SINCE 1922 till date, there has been steady erosion in identity, principles, ethics and discipline of political parties in Nigeria. The recent decamping from the Peoples Democratic Party (PDP) by Femi Fani-Kayode into the All Progressives Congress (APC) is a high point in that history of decadence.
In Pre-Independence times, despite the unifying mantra of decolonisation and diverging fault line of ethnicity, political parties had clearly identifiable conservative, centrist or progressive tendencies and manifestoes, which were carried into post-independence times. Indeed, it was the struggle to muddle up and whittle down the clear ideological lines of the major opposition parties in bogus alliances with persons and groups within it that led to the crises that precipitated the downfall of the First Republic. Indeed, in his Lead Paper at the Political Parties Dialogue Series held in Abuja in 2011, distinguished Professor Adele Jinadu affirmed that “It is the contradictions unleashed from 1962 onwards by this federalisation of the party system – the declaration of emergency rule in the Western Region in 1962, the creation of the Mid-West Region in 1963, the 1962-63 census controversy, the party realignment before the 1964 regional elections and the 1965 federal elections, involving the alliance between the NCNC and the A.G, on the one hand, and the NPC and the rump of the NCNC and AG in the new NNDP, on the other hand – that contributed significantly to the political and constitutional crisis and the civil unrest of October-December 1965, which precipitated the fall of the First Republic in January 1966.”
Thirteen years of military rule followed. Despite the distortion to public governance system and values by the dictatorial, unitarising and lawless military, the political parties that crystallised in the 2nd Republic (1979 – 1983) substantially maintained the standards of their progenitors in the 1st Republic: everyone knew the character and disposition of the National Party of Nigeria (NPN), Unity Party of Nigeria (UPN), and others where they came from and what they stood for.

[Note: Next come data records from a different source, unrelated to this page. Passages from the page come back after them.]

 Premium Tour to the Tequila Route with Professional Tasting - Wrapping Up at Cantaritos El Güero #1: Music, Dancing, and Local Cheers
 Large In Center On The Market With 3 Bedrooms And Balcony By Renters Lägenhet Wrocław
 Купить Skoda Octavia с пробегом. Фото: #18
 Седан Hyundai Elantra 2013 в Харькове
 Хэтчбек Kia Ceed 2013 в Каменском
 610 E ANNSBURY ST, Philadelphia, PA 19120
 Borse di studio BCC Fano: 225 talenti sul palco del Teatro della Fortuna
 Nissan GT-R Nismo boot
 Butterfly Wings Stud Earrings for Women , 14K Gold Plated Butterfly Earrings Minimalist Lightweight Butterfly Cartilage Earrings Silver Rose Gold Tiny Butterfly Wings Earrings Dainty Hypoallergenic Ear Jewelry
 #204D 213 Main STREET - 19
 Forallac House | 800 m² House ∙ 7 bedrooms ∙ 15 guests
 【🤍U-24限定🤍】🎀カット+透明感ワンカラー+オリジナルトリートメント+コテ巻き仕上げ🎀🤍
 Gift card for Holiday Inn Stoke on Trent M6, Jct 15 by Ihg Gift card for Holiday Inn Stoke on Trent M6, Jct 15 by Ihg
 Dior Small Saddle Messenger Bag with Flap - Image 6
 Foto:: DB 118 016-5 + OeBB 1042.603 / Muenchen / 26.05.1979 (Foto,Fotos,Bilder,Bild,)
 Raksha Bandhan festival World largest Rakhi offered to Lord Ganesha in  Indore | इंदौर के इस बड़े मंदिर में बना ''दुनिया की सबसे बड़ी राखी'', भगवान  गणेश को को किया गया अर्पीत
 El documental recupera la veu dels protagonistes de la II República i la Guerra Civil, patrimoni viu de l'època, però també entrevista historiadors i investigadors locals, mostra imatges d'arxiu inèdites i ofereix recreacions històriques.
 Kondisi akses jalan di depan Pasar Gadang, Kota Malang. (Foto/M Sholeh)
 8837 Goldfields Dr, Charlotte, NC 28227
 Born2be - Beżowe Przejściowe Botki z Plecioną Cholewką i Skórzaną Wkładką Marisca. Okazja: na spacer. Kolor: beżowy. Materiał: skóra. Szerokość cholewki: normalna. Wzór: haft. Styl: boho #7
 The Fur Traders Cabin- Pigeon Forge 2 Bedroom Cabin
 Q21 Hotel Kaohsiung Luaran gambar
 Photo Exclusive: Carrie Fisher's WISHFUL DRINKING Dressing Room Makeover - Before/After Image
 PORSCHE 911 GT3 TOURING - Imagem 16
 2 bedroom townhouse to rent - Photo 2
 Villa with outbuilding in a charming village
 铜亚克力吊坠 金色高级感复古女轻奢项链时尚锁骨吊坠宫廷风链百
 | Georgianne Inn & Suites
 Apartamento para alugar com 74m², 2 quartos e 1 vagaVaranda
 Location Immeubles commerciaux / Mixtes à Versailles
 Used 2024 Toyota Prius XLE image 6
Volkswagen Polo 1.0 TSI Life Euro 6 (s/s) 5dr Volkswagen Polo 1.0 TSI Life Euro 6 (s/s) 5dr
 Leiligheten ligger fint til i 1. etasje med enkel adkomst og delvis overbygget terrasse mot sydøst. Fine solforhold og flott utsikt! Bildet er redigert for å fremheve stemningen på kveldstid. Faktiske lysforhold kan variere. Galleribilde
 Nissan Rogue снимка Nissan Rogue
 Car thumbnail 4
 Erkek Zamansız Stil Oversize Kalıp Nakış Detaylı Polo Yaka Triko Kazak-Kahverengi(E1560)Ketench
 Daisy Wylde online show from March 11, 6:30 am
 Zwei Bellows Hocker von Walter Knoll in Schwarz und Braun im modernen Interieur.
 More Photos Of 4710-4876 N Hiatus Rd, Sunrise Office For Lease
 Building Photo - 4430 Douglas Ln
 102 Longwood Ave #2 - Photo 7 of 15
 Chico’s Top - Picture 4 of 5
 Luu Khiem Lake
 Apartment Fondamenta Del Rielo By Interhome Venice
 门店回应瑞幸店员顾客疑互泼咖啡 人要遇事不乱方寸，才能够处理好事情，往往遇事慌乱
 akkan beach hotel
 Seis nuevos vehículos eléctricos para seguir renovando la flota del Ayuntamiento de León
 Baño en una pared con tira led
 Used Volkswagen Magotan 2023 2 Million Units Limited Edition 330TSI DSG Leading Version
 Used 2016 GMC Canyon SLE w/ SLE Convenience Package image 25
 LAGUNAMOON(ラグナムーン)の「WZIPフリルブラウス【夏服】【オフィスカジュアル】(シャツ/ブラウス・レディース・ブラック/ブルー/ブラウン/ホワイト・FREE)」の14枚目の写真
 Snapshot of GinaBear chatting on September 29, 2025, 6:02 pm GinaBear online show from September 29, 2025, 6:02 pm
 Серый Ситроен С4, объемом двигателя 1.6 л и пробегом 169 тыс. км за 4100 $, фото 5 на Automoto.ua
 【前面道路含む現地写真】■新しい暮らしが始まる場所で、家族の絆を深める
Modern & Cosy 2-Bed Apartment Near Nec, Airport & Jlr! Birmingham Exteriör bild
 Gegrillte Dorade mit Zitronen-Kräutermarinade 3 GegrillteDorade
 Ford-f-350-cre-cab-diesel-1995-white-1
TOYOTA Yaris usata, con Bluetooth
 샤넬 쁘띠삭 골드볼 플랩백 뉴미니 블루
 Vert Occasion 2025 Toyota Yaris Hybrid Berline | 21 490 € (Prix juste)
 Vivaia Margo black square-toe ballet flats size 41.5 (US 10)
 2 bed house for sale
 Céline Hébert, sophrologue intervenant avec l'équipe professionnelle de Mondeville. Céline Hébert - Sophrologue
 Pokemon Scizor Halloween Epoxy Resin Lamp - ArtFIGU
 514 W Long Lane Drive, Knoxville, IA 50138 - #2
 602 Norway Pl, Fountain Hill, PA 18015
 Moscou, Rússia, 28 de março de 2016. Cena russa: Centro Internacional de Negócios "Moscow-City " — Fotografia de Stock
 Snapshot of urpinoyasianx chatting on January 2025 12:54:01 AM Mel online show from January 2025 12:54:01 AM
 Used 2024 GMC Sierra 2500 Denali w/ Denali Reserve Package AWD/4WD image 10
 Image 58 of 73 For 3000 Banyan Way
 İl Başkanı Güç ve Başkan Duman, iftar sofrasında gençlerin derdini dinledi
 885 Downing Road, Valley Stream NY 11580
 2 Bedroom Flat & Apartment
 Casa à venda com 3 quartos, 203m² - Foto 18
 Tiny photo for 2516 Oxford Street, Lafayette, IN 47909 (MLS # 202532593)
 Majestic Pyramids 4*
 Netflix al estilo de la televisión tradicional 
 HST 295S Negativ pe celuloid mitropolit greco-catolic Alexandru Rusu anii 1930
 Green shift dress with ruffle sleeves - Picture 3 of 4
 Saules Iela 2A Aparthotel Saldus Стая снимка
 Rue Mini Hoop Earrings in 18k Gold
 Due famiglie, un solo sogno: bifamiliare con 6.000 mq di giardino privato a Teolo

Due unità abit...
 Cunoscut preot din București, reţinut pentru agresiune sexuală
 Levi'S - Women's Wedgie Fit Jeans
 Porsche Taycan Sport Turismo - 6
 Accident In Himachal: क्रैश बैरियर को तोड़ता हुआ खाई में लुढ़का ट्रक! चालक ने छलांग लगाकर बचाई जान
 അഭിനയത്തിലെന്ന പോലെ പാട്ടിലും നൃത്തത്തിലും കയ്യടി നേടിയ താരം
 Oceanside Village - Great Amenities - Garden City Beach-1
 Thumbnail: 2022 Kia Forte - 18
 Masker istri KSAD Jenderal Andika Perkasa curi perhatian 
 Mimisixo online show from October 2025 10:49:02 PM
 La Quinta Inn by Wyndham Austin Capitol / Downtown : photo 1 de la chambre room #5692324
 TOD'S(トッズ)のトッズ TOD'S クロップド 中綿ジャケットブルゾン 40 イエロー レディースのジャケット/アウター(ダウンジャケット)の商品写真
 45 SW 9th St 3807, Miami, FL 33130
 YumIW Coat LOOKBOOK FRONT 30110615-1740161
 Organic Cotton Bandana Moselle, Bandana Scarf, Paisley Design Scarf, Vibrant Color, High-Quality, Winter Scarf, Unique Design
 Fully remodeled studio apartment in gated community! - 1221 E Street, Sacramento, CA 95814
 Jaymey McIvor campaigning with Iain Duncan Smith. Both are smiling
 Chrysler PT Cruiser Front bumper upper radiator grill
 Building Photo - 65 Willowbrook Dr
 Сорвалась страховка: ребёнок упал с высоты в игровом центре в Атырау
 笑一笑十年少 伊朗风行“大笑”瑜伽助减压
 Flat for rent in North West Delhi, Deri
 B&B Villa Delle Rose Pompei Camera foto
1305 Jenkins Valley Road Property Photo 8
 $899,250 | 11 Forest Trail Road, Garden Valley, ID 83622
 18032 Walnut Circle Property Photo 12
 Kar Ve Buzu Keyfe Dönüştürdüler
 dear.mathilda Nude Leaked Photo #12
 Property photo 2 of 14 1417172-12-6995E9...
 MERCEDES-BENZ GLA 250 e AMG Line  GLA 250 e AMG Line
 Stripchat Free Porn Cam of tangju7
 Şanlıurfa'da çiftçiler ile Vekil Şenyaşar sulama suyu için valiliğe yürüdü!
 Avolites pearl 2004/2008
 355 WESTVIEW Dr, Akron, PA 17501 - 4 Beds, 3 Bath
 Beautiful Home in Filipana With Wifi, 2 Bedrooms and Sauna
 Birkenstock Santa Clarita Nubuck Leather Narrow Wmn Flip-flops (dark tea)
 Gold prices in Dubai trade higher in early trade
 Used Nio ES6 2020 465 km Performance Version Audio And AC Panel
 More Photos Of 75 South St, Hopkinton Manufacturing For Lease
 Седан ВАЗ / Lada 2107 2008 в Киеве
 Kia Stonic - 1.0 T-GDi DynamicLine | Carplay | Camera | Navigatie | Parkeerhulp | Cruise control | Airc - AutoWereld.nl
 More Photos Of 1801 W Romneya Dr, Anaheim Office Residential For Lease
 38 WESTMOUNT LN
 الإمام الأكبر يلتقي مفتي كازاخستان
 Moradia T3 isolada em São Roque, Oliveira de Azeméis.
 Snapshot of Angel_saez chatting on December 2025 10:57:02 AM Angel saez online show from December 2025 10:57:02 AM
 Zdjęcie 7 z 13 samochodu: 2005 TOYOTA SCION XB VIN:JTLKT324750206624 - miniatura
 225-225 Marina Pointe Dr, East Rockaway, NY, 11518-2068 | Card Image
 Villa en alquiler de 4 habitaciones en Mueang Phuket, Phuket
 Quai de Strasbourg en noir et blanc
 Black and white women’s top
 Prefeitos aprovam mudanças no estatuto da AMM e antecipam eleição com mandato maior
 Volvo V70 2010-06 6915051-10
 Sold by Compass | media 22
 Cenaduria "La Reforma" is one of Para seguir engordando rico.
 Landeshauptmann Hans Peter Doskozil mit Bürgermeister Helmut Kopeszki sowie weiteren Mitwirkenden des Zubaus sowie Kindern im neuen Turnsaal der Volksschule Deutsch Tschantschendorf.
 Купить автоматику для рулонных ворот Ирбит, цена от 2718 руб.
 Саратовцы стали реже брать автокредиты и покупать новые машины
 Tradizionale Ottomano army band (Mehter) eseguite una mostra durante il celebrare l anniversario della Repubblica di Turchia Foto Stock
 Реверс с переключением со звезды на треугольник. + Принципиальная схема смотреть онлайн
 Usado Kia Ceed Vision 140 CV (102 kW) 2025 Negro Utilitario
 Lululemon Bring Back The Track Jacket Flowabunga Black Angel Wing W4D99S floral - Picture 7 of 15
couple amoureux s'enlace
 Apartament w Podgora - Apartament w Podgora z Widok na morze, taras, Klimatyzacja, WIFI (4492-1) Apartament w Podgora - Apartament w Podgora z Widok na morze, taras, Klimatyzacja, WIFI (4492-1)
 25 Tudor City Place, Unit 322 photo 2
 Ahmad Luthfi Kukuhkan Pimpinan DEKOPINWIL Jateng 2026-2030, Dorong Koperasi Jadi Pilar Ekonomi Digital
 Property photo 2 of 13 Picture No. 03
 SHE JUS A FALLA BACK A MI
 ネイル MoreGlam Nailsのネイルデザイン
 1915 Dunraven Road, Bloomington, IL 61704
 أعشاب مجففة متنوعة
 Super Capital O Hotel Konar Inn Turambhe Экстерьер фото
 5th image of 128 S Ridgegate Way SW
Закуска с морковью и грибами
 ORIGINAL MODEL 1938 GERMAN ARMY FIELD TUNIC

By the close of 1983, the military struck again and stayed forcibly and more destructively till 1999 – 15 years of brutality, corruption, disorientation and distorted development. Understandably, the political parties that emerged from the ashes of military devastation of social life became shadows and distant echoes of their progenitors. The military had substantially compromised the civilian political elites and railroaded them into nepotism, dictatorship, corruption, megalomania, “settlement,” and kleptomania to the extent that the raison d’être for political party formation and party politics and democracy in general were tertiary considerations in the hurriedly packaged return to democracy.
Through various metamorphoses, today’s Peoples Democratic Party is as far from the National Party of Nigeria as the All Progressives Congress is far from the Unity Party of Nigeria! Nigeria has finally produced “conservative” and “progressive” parties, in same likeness, with manifestoes forgotten, service to the people immaterial and democracy only an exercise in power grabbing for personal and clique aggrandizement. Rather than progressing, society is not only stagnated, it retrogresses into barbarism – economically, politically, socially and spiritually. Sadder still for the “progressives” that had been busy admitting major actors that cannot sustain a debate without pulling out a machete or gun; people who have pending corruption and murder cases; and now joined in the inner political chambers by confirmed charlatan, perpetual liar, irredeemable double-dealer and traitor.
Historically, the darkest political hours are usually followed by a radiant dawn. It is up to the youths, who are trapped between six and half a dozen (the devil and the deep sea), to take up the challenge. Political parties are the vehicles for the delivery of democracy and its dividends – life more abundant for all. A hundred outrages like the #EndSARS combustion will take us no far. However, the energy, creativity, vision, organisation and mobilisation capacity demonstrated, if purified further and channelled into political party formation or interventions (along principles and manifestoes that clearly articulate a development agenda by likeminded fellows) can and will eventually save the day and take us to the promised land of “unity and faith, peace and progress.”